Canonical's Scott James Remnant recently set out to explore why X.Org started up so much faster on
Moblin than on
Ubuntu (particularly, the latest 9.04 development code). On an
Atom-based netbook (the Dell Mini 9) he found it took Ubuntu's X Server about four seconds to start before the session manager was called. With Moblin on the same hardware it took just about a second and a half.
Scott began analyzing the X Server patch-set for Moblin, that included enabling
UXA acceleration by default, avoiding duplicated saved hardware states, reducing the driver boot-time, and disabling other operations. However, Ubuntu already incorporated all of these patches besides using UXA acceleration. Ubuntu's X Server also has a few extra patches, but those didn't seem to impact the performance.

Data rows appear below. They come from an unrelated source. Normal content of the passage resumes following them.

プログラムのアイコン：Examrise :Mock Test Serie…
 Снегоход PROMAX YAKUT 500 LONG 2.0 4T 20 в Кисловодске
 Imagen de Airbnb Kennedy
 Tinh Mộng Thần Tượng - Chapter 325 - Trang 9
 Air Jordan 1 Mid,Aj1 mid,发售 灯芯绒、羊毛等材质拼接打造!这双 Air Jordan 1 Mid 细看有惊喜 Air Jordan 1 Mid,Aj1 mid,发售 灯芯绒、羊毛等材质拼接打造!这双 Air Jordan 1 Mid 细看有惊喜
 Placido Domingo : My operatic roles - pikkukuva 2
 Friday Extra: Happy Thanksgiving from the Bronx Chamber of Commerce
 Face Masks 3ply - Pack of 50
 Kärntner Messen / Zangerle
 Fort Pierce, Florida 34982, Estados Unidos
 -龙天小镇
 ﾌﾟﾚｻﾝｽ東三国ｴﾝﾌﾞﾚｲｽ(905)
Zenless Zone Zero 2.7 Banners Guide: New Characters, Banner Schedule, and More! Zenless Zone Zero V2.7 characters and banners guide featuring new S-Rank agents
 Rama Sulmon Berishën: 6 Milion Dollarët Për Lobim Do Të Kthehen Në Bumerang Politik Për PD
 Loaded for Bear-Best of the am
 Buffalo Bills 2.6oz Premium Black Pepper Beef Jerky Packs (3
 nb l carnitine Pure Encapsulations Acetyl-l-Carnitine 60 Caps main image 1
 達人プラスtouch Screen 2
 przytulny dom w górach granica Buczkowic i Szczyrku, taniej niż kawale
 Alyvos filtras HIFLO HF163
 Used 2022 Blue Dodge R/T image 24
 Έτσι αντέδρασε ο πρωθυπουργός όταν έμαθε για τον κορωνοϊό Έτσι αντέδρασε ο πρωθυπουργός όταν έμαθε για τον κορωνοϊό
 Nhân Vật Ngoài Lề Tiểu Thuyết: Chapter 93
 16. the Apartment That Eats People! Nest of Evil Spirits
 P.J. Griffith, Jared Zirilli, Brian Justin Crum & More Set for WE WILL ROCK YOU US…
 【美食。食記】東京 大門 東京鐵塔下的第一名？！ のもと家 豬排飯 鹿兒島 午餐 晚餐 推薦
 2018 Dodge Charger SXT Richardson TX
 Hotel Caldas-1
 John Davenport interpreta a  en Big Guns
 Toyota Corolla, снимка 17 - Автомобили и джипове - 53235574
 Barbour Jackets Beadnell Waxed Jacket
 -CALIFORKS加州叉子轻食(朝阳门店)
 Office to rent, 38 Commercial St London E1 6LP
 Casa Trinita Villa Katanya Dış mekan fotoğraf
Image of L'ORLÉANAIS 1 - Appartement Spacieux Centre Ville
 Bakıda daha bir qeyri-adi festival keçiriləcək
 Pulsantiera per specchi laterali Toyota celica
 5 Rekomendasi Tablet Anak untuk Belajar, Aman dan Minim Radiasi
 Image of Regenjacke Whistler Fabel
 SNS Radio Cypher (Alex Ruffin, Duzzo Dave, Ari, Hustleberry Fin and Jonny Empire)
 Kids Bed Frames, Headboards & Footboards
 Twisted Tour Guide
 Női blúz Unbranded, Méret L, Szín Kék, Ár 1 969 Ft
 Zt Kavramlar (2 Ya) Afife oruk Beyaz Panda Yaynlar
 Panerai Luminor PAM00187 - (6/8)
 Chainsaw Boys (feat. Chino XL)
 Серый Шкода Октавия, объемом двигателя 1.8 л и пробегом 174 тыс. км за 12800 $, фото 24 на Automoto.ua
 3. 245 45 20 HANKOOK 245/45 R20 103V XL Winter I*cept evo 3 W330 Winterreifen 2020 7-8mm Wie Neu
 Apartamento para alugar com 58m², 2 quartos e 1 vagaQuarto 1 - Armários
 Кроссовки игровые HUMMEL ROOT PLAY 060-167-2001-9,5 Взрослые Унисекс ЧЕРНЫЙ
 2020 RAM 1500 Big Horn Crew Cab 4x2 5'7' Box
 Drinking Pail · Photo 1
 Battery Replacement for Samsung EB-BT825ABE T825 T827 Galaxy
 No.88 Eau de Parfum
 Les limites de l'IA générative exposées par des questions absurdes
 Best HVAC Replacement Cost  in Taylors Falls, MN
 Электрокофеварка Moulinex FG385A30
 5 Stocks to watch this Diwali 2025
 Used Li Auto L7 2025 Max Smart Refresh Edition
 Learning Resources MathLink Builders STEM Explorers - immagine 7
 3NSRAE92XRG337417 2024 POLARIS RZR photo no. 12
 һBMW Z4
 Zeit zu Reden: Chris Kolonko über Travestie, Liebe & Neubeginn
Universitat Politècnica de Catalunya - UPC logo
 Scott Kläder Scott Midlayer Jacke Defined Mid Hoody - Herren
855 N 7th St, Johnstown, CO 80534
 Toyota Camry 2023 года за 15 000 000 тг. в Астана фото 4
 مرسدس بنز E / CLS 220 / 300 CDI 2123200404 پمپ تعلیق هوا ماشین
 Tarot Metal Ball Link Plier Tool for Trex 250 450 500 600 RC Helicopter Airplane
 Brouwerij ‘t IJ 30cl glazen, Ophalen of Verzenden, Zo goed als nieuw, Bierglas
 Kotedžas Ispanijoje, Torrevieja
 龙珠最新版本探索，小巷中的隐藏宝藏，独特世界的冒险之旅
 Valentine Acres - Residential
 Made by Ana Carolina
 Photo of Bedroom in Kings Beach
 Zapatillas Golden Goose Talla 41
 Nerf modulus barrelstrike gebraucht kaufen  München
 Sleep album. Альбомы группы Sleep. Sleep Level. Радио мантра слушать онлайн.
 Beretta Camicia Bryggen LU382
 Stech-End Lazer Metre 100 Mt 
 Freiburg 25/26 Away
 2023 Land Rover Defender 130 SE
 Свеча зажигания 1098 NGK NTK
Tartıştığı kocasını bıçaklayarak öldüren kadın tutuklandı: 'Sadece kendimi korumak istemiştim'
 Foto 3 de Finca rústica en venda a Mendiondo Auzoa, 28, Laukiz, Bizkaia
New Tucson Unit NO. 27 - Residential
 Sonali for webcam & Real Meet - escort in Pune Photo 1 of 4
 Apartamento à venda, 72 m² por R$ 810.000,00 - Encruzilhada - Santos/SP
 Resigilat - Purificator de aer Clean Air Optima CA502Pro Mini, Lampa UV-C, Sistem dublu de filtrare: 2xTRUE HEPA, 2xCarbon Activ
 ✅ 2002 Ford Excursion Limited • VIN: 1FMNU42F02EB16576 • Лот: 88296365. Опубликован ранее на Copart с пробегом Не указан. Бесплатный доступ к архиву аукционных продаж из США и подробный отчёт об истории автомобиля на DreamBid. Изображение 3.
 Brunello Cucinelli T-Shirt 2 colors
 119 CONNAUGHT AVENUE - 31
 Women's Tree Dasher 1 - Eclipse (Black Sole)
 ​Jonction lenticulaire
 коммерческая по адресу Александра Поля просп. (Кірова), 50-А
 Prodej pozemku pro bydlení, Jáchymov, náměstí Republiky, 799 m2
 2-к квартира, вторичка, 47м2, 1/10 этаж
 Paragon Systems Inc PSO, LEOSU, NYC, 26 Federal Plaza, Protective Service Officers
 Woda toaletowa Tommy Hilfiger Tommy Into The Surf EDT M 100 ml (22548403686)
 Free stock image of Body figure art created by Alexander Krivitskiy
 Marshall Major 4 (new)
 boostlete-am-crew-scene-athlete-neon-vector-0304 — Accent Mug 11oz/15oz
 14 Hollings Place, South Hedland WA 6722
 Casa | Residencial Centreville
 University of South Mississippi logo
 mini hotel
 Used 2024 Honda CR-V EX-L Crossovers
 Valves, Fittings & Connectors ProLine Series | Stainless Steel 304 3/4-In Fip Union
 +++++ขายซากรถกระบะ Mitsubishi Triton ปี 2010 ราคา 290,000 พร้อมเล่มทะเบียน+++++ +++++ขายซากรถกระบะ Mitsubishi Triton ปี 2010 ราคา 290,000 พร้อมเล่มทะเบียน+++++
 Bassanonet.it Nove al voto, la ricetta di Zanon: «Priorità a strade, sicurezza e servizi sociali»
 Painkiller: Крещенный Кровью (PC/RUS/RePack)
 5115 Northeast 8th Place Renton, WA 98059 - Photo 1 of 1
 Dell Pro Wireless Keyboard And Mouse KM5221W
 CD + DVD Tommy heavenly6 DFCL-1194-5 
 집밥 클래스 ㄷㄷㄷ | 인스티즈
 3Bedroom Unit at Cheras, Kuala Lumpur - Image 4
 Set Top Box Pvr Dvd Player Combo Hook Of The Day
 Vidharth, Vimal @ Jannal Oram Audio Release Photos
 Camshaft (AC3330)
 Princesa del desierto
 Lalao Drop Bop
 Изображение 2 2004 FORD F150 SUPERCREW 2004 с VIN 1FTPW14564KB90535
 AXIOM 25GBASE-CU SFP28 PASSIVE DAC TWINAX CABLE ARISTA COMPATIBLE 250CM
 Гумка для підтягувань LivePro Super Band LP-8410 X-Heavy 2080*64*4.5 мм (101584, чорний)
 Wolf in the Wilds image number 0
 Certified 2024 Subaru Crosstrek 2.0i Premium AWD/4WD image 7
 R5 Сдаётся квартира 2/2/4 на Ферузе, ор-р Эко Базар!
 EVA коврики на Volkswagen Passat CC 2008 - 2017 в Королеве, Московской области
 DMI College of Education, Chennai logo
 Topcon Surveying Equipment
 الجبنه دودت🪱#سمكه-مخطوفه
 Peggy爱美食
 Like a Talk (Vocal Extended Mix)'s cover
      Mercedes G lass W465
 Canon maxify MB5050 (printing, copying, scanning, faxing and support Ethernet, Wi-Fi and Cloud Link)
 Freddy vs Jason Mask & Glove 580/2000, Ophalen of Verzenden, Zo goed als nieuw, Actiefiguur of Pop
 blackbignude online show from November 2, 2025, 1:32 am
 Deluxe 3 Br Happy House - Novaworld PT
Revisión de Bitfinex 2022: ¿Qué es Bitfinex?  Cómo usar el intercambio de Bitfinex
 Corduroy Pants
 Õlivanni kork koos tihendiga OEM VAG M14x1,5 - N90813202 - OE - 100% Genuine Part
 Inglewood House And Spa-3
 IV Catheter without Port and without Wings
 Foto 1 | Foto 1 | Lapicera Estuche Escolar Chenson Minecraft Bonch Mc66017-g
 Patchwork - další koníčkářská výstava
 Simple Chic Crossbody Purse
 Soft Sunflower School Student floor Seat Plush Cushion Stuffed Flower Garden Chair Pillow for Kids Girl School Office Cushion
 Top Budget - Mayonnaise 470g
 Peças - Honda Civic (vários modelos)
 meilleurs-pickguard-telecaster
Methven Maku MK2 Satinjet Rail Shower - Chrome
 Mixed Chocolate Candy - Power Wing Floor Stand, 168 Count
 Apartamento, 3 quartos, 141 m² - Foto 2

After that, Scott came to no conclusions, but has now thrown the ropes to the principal X maintainer at Canonical (Bryce Harrington) and their technical leader (Matt Zimmerman). His mailing list message with Bootchart results can be found on
ubuntu-devel. Hopefully by
Ubuntu 9.10 (the
Karmic Koala) we will see an X Server start-up time closer to Moblin, but that means cutting the time in at least half. Beyond just the X Server being speedier,
Moblin V2 Core Alpha boots super fast.
Remnant is also looking at
sreadahead vs. readahead performance for improving Ubuntu's boot performance.